Dans les applications industrielles, il est parfois nécessaire d’appliquer au débit traversier un coefficient correctif qui tienne compte de la concentration en solides. Cela est surtout vrai si l’on souhaite traiter des matières flottables et/ou décantables qui justifient la définition d’une couche de solides d’épaisseur pré-déterminée, constamment présents en surface de la grille. D’autres modes de régulation peuvent alors être adoptés, tels que horloge et minuterie, et une presse située immédiatement en aval du système permettra de réduire le volume des solides qui auront été séparés en quantités importantes.
Grâce à ces différents modes de régulation, de très bons résultats ont été obtenus sur des effluents aussi variés que boues primaires, eaux brutes urbaines, matières de vidange, eaux usées d’abattoirs, de blanchisseries, de tanneries, etc.
Analyse d’une installation
Durant les six premiers mois de cette année, un grand nombre de dégrilleurs fins de ce modèle ont été mis en place sur des stations d’épuration de 1 500 à 30 000 équivalents-habitants, les nouvelles installations étant toutes combinées à des presses.
L’une de ces machines est placée à la station de traitement des eaux usées de la ville de Tidaholm en Suède, dimensionnée pour 15 000 éq.-hab., dont le débit moyen est de 440 m³/h et le débit de pointe de 880 m³/h. L’ancienne grille, comportant des espacements entre barreaux de 15 mm, a été remplacée par une Step-Screen du modèle 2200 de 700 mm de largeur avec des fentes de 3 mm.
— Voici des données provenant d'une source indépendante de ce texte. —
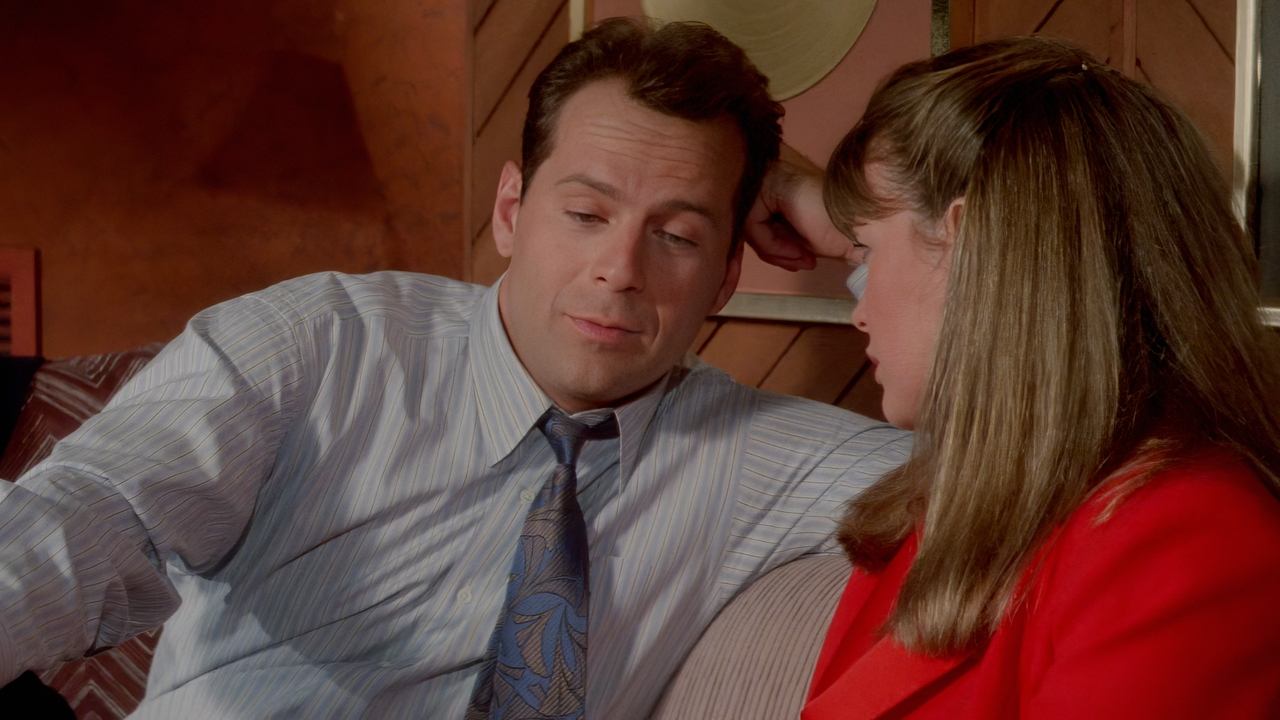 Blind Date - Verabredung mit einer Unbekannten (1987) abspielen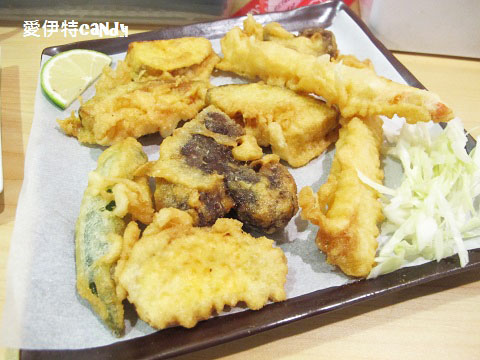 橫手屋(彰化員林店)：『彰化員林_橫手屋』特調豚骨拉麵湯頭好甜阿~~天婦羅拼盤好豐富呢！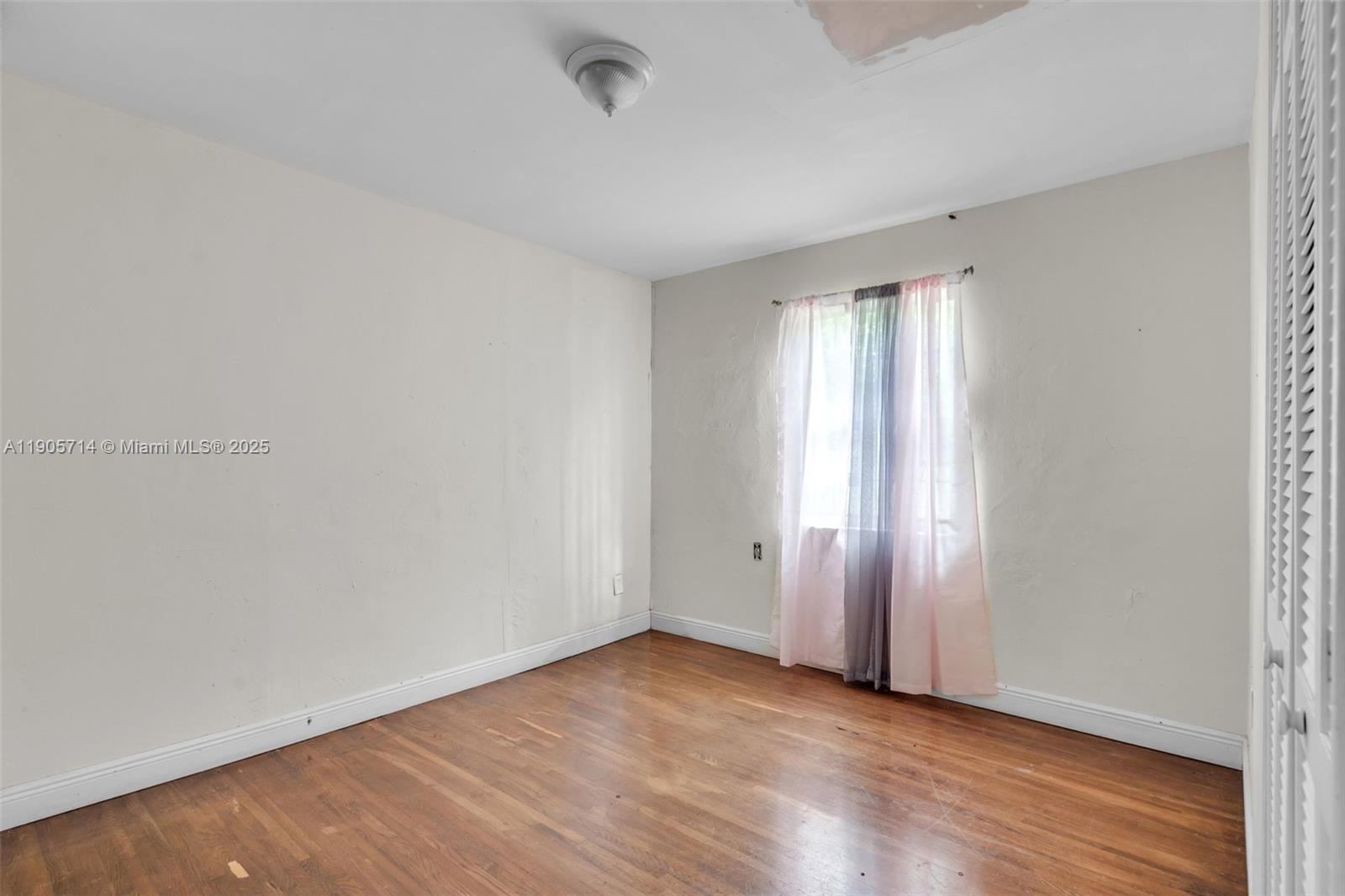   /  2356 sq. ft. $ 2025-10-30 0 Photo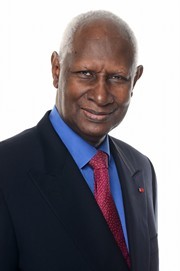 Abdou Diouf annonce sa retraite 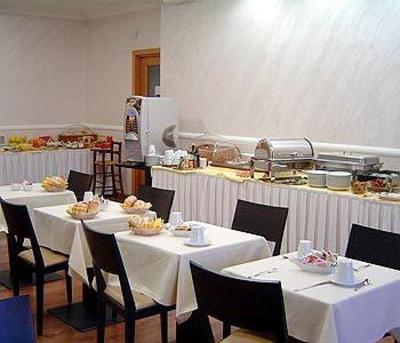 фото отеля Hotel Euro House Suites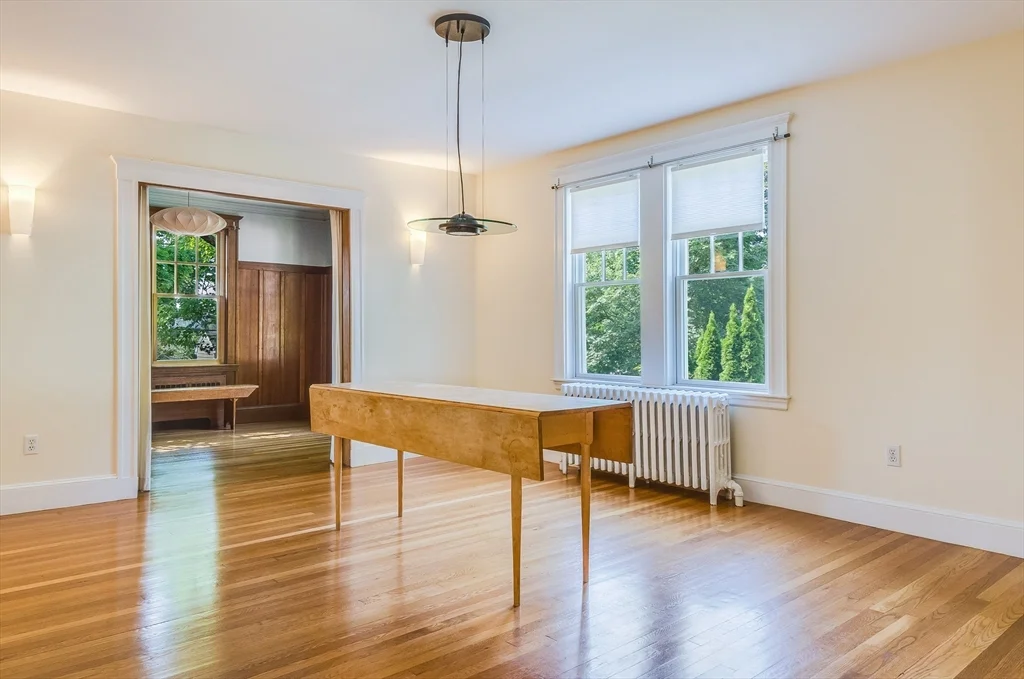 4 bed, 2 bath apartment for rent at 29 Devereaux St, Arlington — photo 12 of 33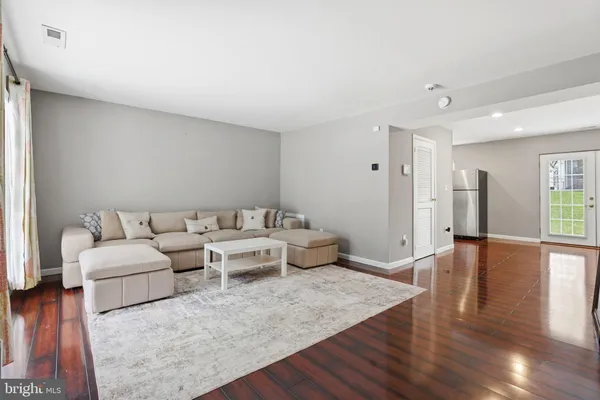 $2,500 | 7229 Joplin Street, Capitol Heights, MD 20743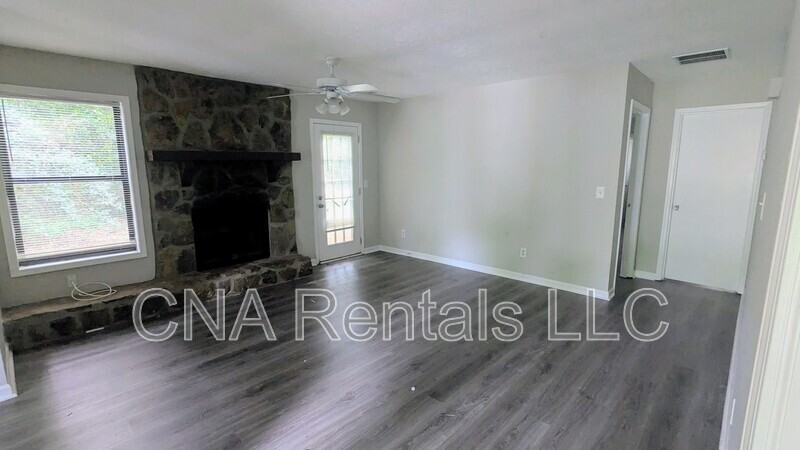 1459 N Diane Ct Se #A - Photo 2 of 9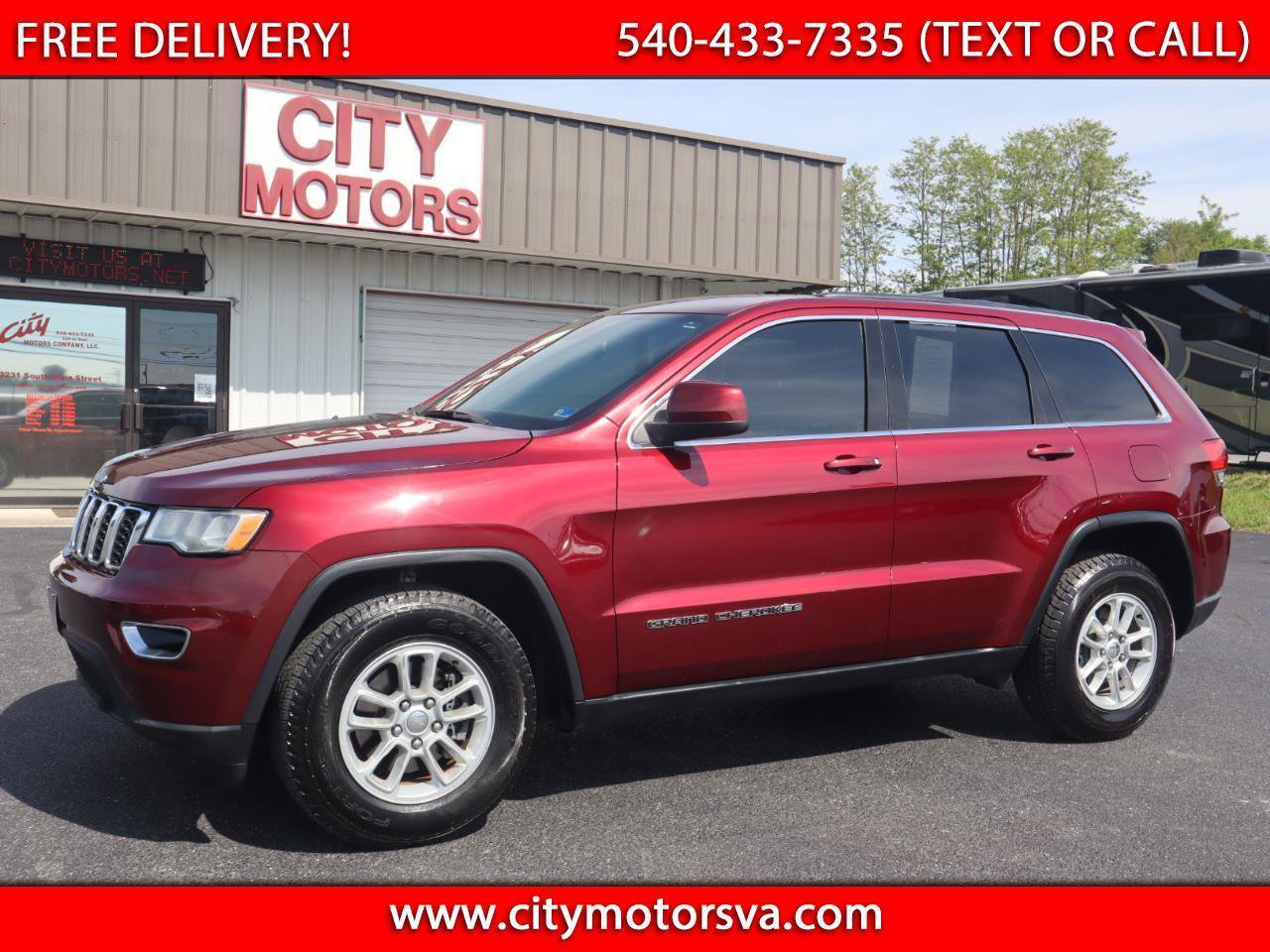 Used 2018 Jeep Grand Cherokee Laredo AWD/4WD image 1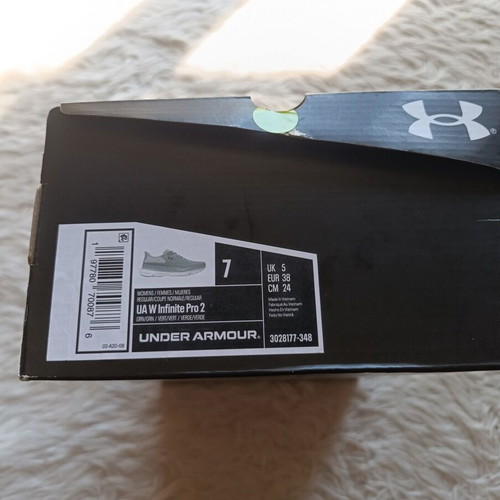 Under Armour Infinite Pro 2 women's athletic shoes size 38 like new, green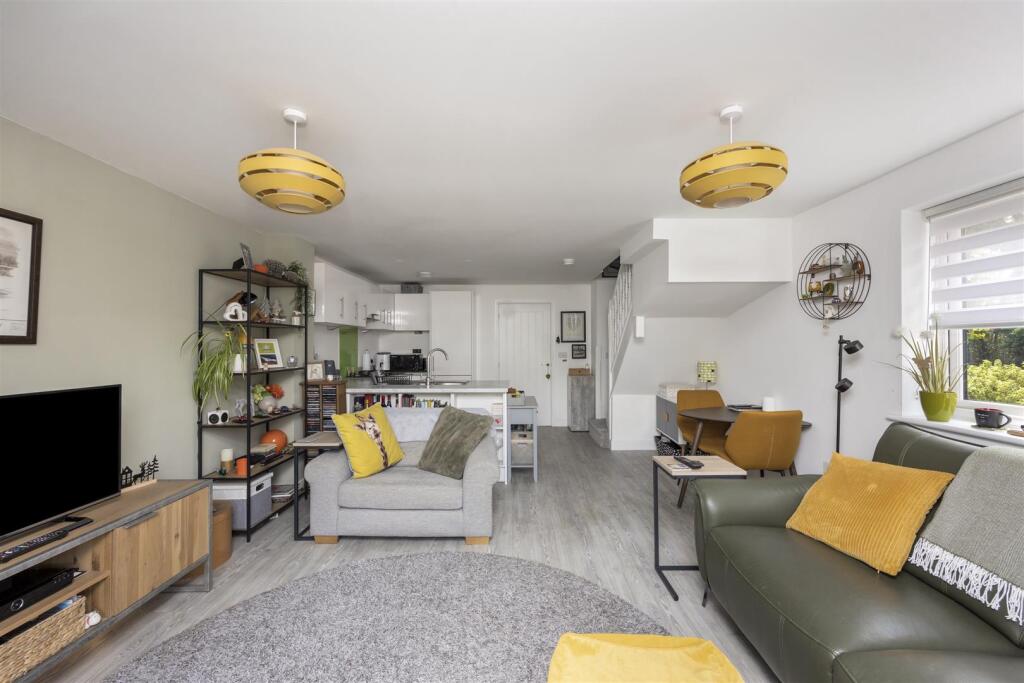 House in Haywards Heath, Lindfield - More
Celle-ci est dotée d’un détecteur de niveau réglant l’automatisme du fonctionnement, grâce auquel, lorsque la surface de la grille est couverte de déchets, le niveau amont monte et la grille est mise en route.
La grille n’effectue qu’un cycle par démarrage, ce qui garantit le maintien d’un matelas de refus à sa surface, lequel permet de retenir de nombreuses particules beaucoup plus fines que les fentes, ce phénomène est amplifié par le fait que l’eau traverse très lentement la grille (le différentiel de charge amont-aval est en général de 20 à 30 mm) ;
Après six mois de fonctionnement, nous avons effectué les constatations suivantes :
- — la quantité de refus retenus a augmenté de 250 %,
- — tous les problèmes d’obstruction des pompes, aérateurs et autres équipements sur la station ont été éliminés grâce à la finesse des fentes,
- — l’ensemble compact que forment la Step-Screen et la presse a permis d’isoler facilement ces machines et d’effectuer une extraction forcée de l’air vicié,
- — grâce à la régulation optimisée par détecteur de niveau, qui permet la création d’un matelas fibreux sur la grille, la Step-Screen a pu retenir beaucoup de sables : le volume de sables déposés dans le dessableur est ainsi réduit de 70 %.